Berlinale’s beloved German auteur, Christian Petzold returns to the festival two years after the critically-loved Transit, to compete with his latest, Undine. While Undine is set in dream-like modern-day Berlin, Transit stripped a World War II story off its period setting, in tandem with his penchant for ghostly figures. “When you have the past and contemporary moment in the same place, you start thinking about what is happening to Europe and why racists are everywhere,” he had said after the première of Transit at the 2018 Berlinale. His earlier works Barbara, Yella and Ghosts had also competed for the Golden Bear.
No Indian entry
It is interesting to note that amidst smaller changes brought in by the new leadership, there is a conspicuous absence of Netflix films in competition. The American streaming giant has often found itself at loggerheads with top-league European film festivals like Cannes and Berlinale. But among the big American studios, Pixar’s Onward, will have its world première at the festival.
Although, there’s no Indian film in competition, Prateek Vats’ Eeb Allay Ooo!, Pushpendra Singh’s Laila Aur Saat Geet and Akshay Indikar’s Sthalpuran — Chronicle of Space are part of sections like Panorama and Encounters. Hong Sangsoo’s Domangchin yeoja (The Woman Who Ran) from the Republic of Korea and Tsai Ming-Liang’s Rizi (Days) from Taiwan are representing Asian cinema in competition.
A still from The Assistant
To be more gender-inclusive, the festival had pledged 5050×2020 last year, a gender-parity movement which aims to foster better gender ratio at film festivals. Among the competing films, six are directed or co-directed by women, a step down from seven last year. Interestingly, two of these six films, Eliza Hittman’s Never Rarely Sometimes Always and Kelly Reichardt’s First Cow, are not world premières, an unusual scenario for Berlinale. Beyond competition films, sexuality and gender have been an integral part of the festival’s Panorama section, often highlighting the various intersections of identity politics.
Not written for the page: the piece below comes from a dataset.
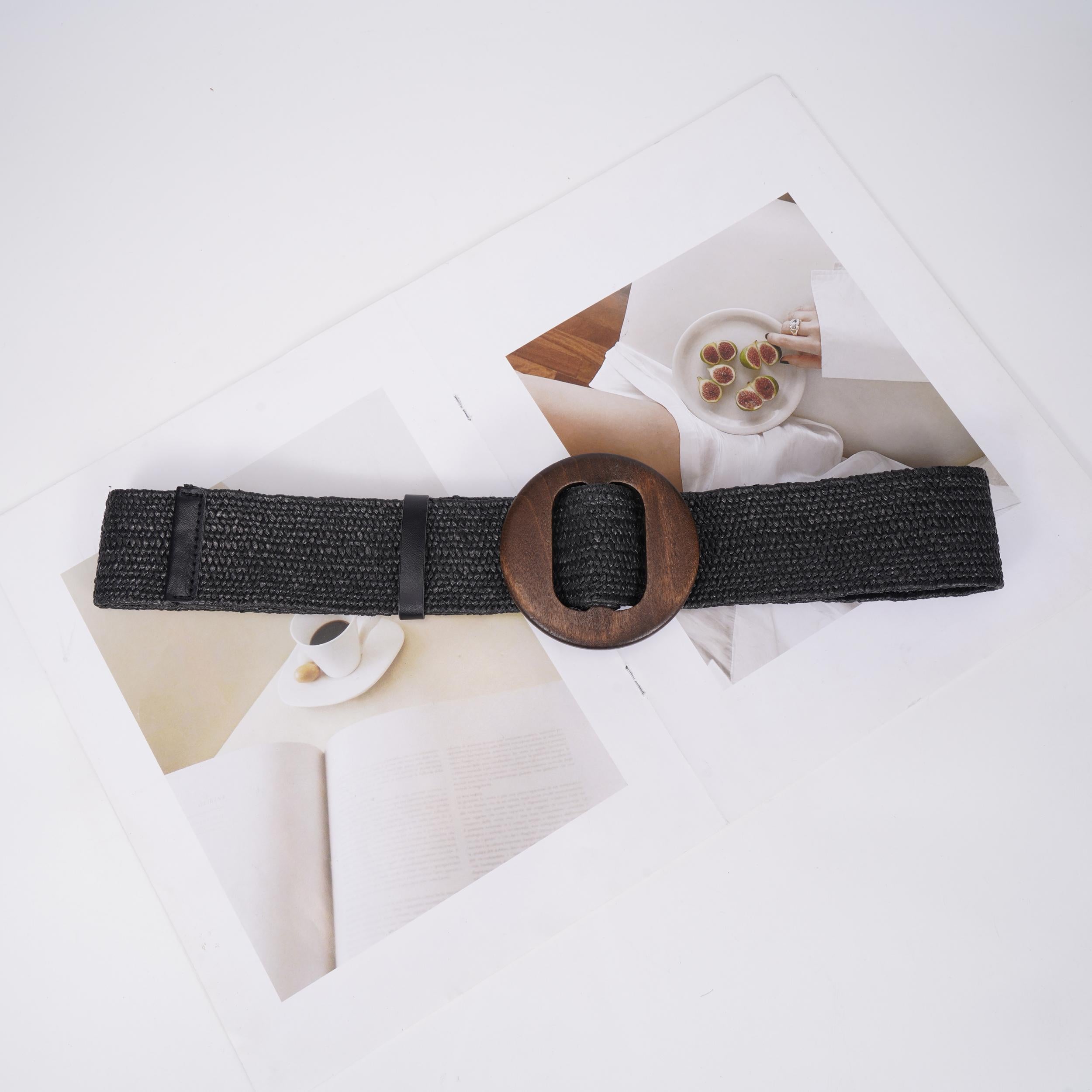 Vintage Braided Belt Elastic Straw Rattan Waistband Women Girdle Belts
This year, migration, the idea of home, exploitation of our planet and queer identities are the dominant themes. “The programme is emblematic of the urgency for political action and civil disobedience,” observes Panorama head, Michael Stütz. Kitty Green’s The Assistant, for instance, delves into the #MeToo movement in the entertainment industry and David France’s bold documentary, Welcome to Chechnya chronicles the systemic persecution of queer people by the Chechen authorities, in homophobic present-day Russia.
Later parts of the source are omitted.